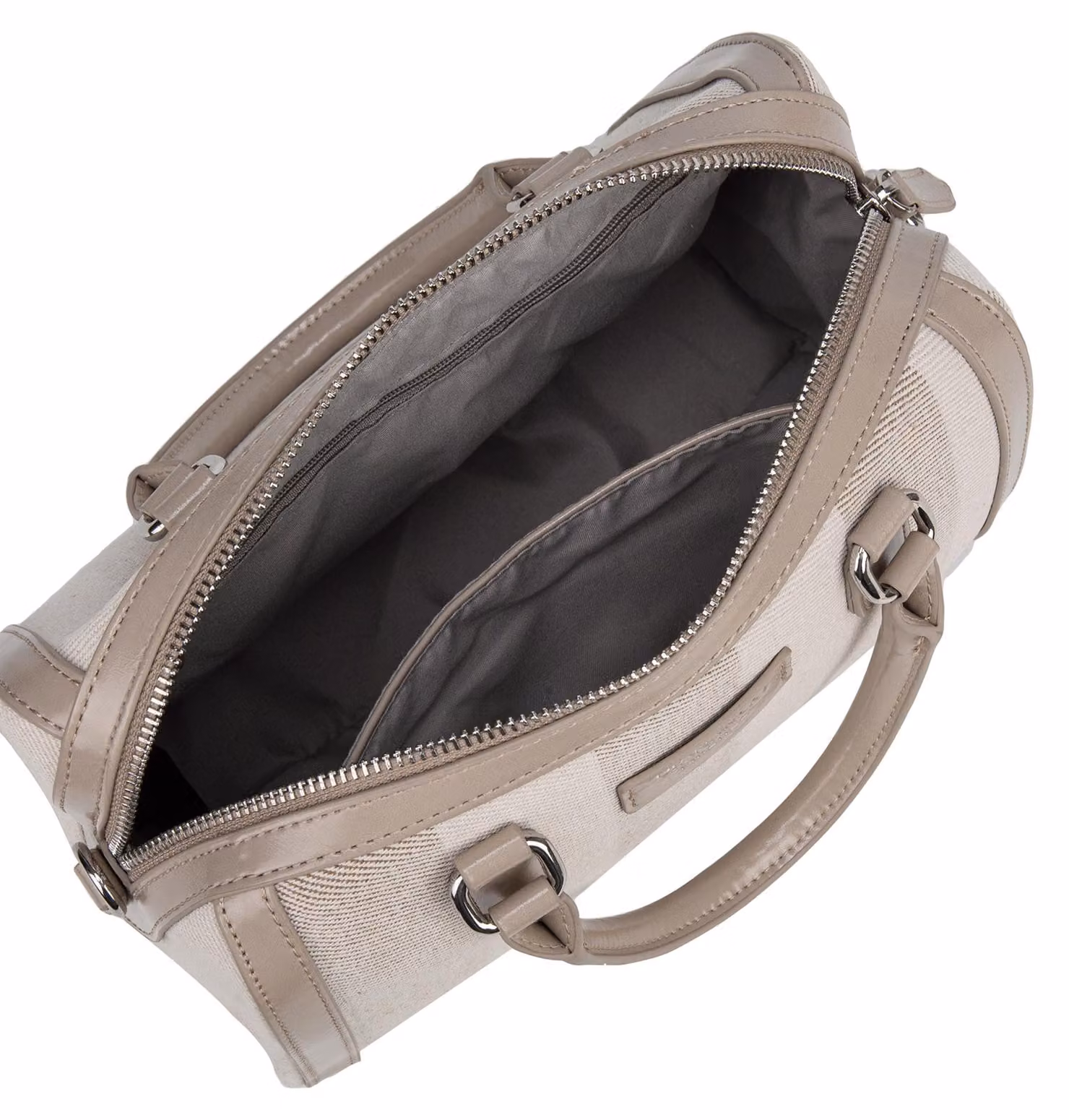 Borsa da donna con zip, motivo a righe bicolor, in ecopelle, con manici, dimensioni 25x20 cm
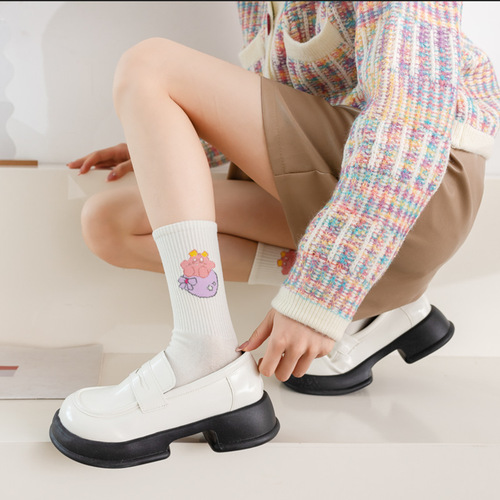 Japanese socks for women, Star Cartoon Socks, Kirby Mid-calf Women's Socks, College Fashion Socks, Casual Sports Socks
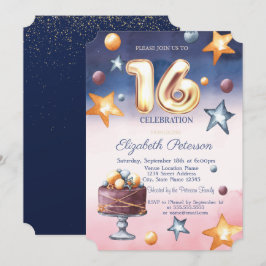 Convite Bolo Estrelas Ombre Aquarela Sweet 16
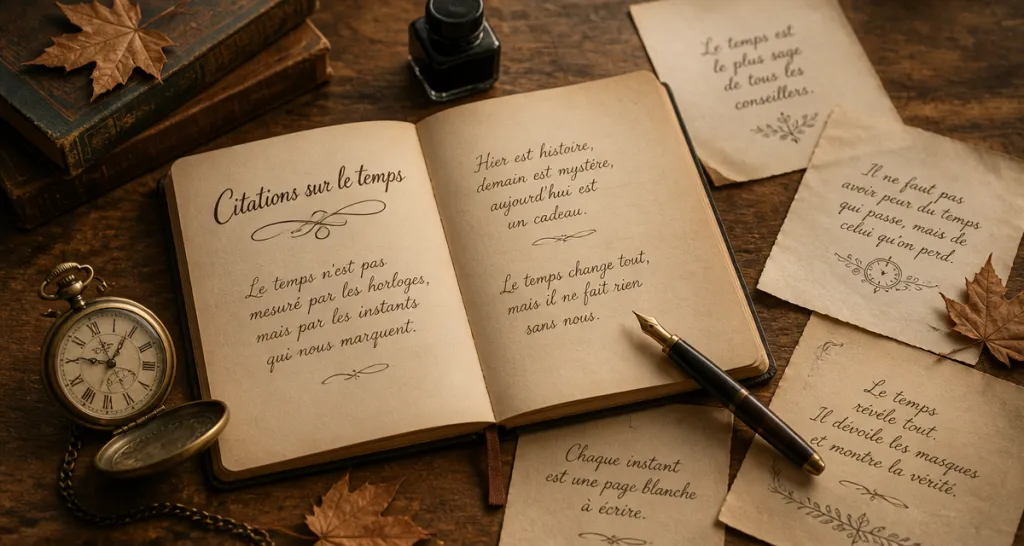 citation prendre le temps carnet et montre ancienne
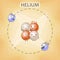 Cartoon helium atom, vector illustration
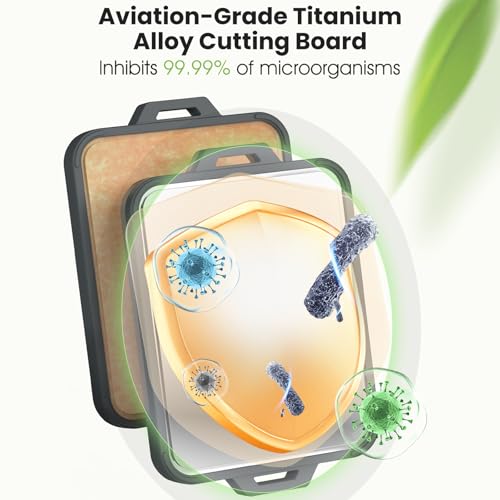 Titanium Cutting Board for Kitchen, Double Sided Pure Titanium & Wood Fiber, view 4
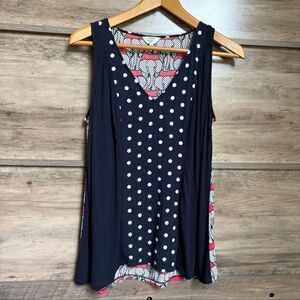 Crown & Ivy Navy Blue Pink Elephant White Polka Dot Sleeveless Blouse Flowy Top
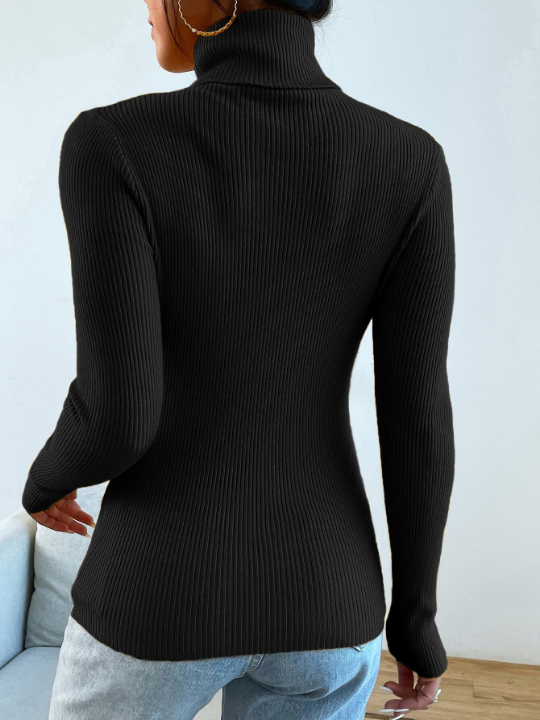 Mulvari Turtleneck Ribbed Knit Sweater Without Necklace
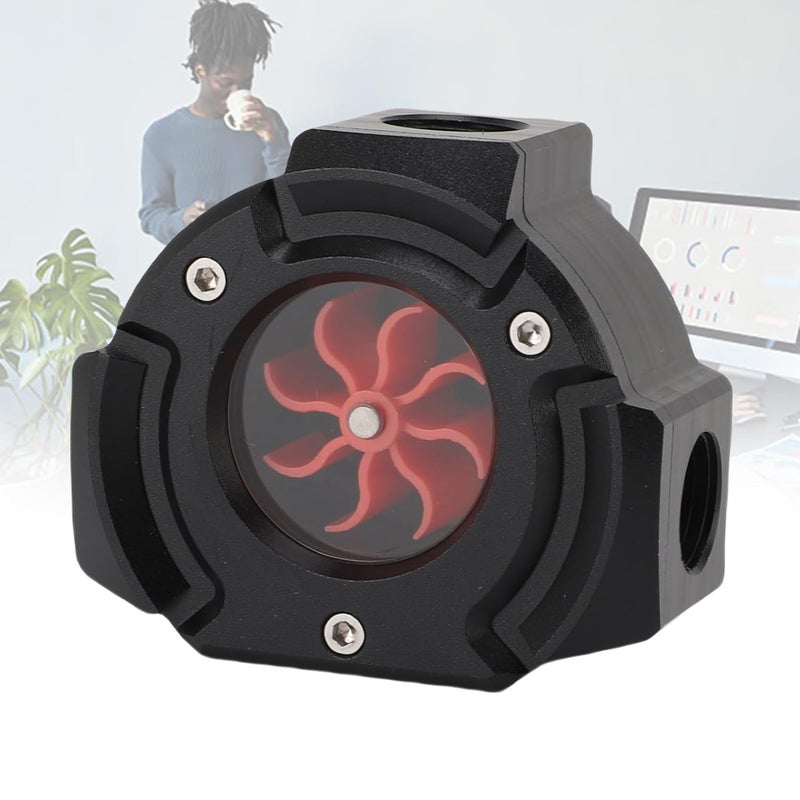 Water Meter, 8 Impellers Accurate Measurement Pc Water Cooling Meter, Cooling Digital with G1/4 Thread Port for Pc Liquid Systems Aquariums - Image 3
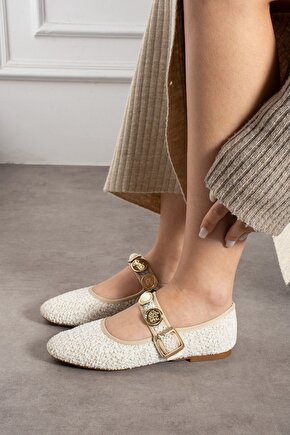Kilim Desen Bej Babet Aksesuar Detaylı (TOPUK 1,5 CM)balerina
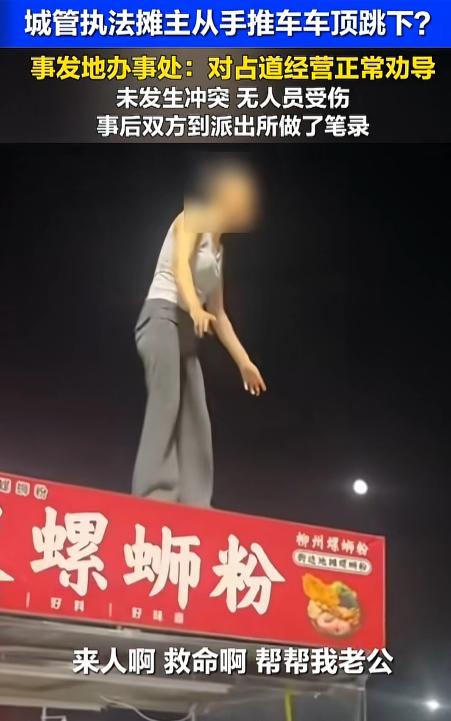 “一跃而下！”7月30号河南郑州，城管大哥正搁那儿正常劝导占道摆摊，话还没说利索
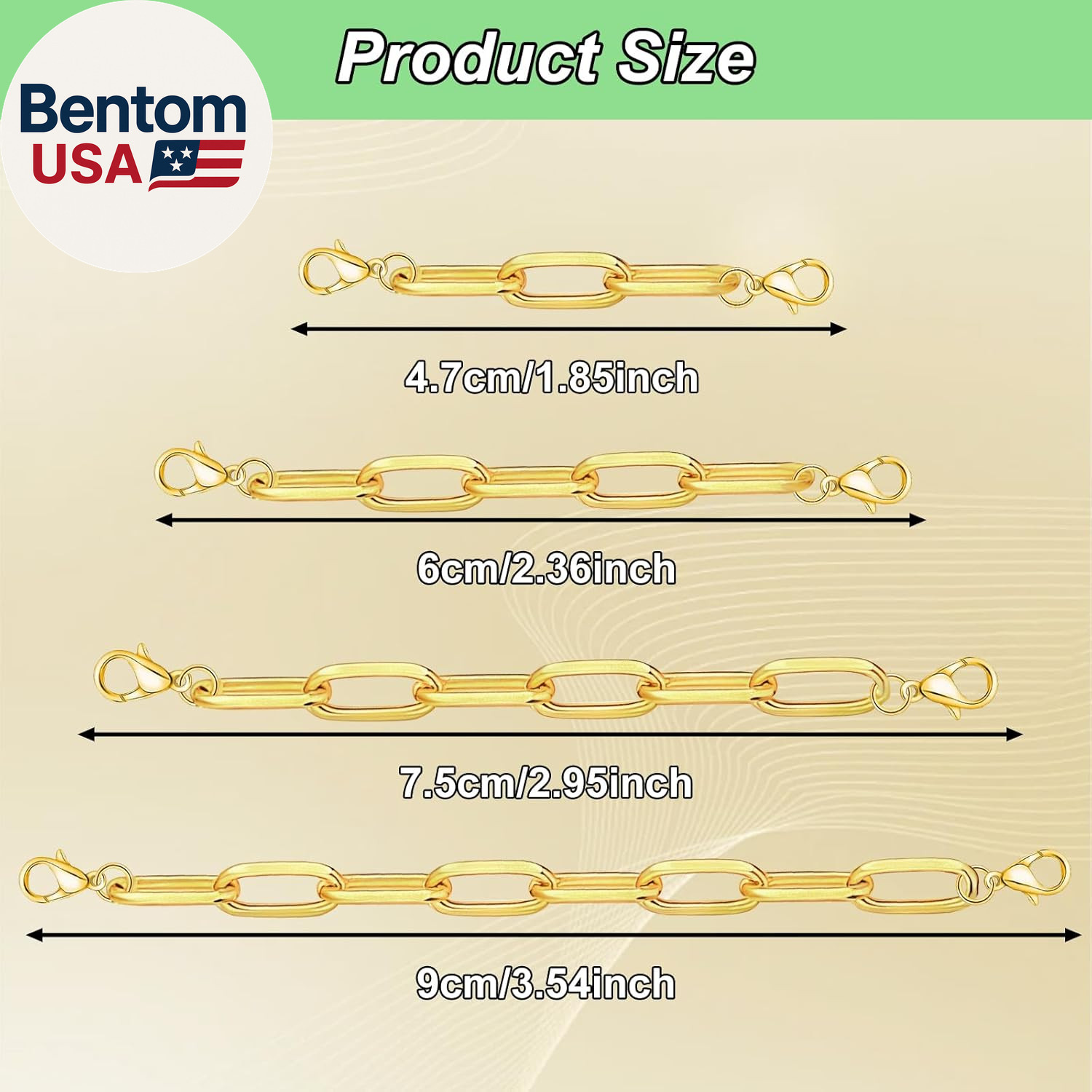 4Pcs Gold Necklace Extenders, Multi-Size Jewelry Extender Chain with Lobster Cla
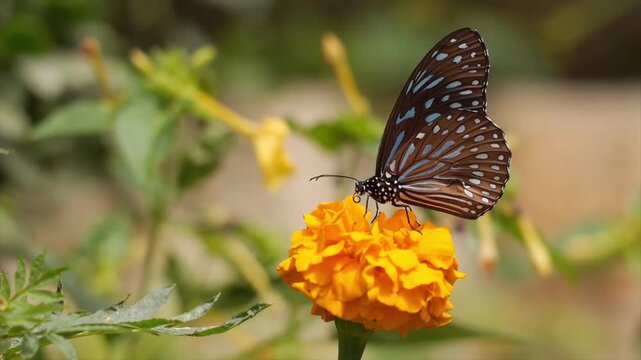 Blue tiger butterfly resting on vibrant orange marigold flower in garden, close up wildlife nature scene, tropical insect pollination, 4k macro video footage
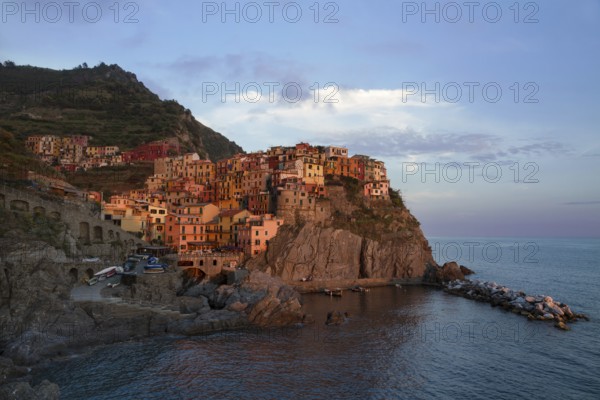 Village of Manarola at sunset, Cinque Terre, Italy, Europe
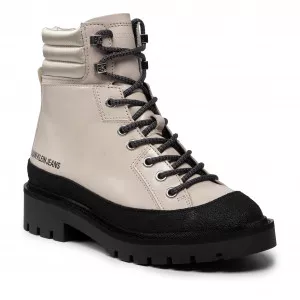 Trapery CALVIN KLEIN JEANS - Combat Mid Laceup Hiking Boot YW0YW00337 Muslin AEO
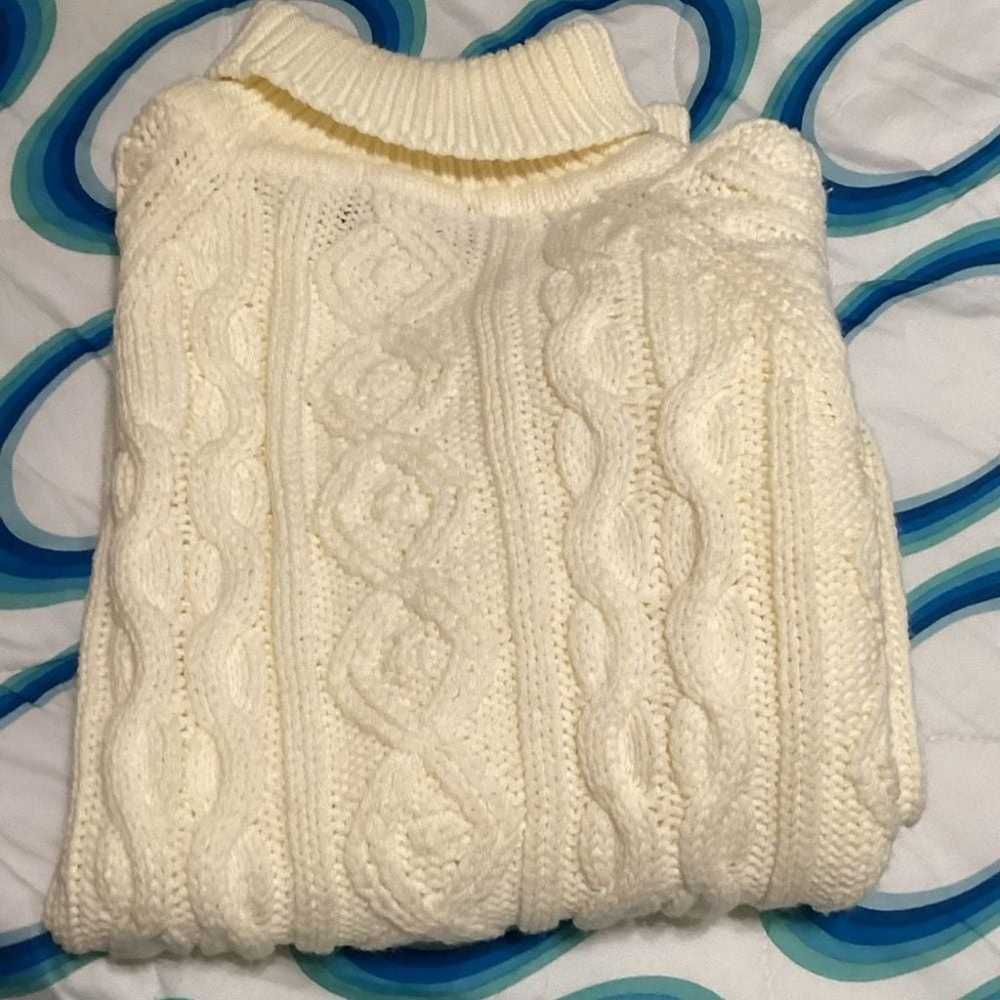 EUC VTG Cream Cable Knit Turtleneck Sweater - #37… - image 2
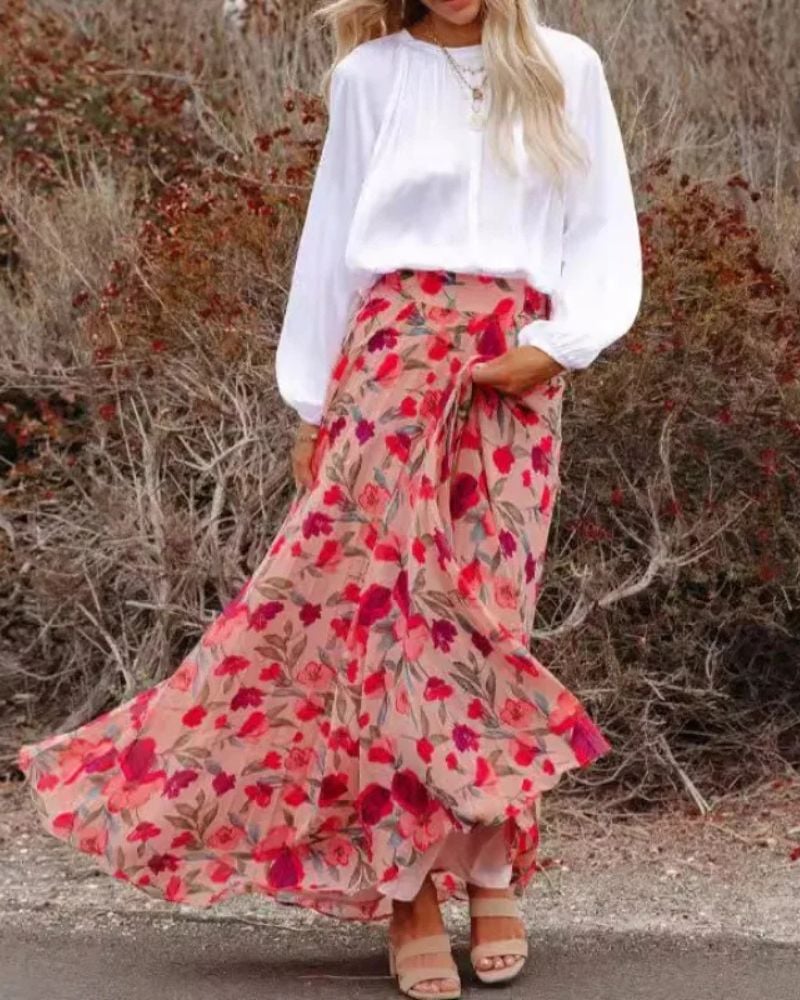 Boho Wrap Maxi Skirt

---

_What is needed_: Give back the records above exactly, with no pictures.

_Result of this task_:
 Borsa da donna con zip, motivo a righe bicolor, in ecopelle, con manici, dimensioni 25x20 cm
 Japanese socks for women, Star Cartoon Socks, Kirby Mid-calf Women's Socks, College Fashion Socks, Casual Sports Socks
 Convite Bolo Estrelas Ombre Aquarela Sweet 16
 citation prendre le temps carnet et montre ancienne
 Cartoon helium atom, vector illustration
 Titanium Cutting Board for Kitchen, Double Sided Pure Titanium & Wood Fiber, view 4
 Crown & Ivy Navy Blue Pink Elephant White Polka Dot Sleeveless Blouse Flowy Top
 Mulvari Turtleneck Ribbed Knit Sweater Without Necklace
 Water Meter, 8 Impellers Accurate Measurement Pc Water Cooling Meter, Cooling Digital with G1/4 Thread Port for Pc Liquid Systems Aquariums - Image 3
Kilim Desen Bej Babet Aksesuar Detaylı (TOPUK 1,5 CM)balerina
 “一跃而下！”7月30号河南郑州，城管大哥正搁那儿正常劝导占道摆摊，话还没说利索
 4Pcs Gold Necklace Extenders, Multi-Size Jewelry Extender Chain with Lobster Cla
 Blue tiger butterfly resting on vibrant orange marigold flower in garden, close up wildlife nature scene, tropical insect pollination, 4k macro video footage
 Village of Manarola at sunset, Cinque Terre, Italy, Europe
 Trapery CALVIN KLEIN JEANS - Combat Mid Laceup Hiking Boot YW0YW00337 Muslin AEO
 EUC VTG Cream Cable Knit Turtleneck Sweater - #37… - image 2
 Boho Wrap Maxi Skirt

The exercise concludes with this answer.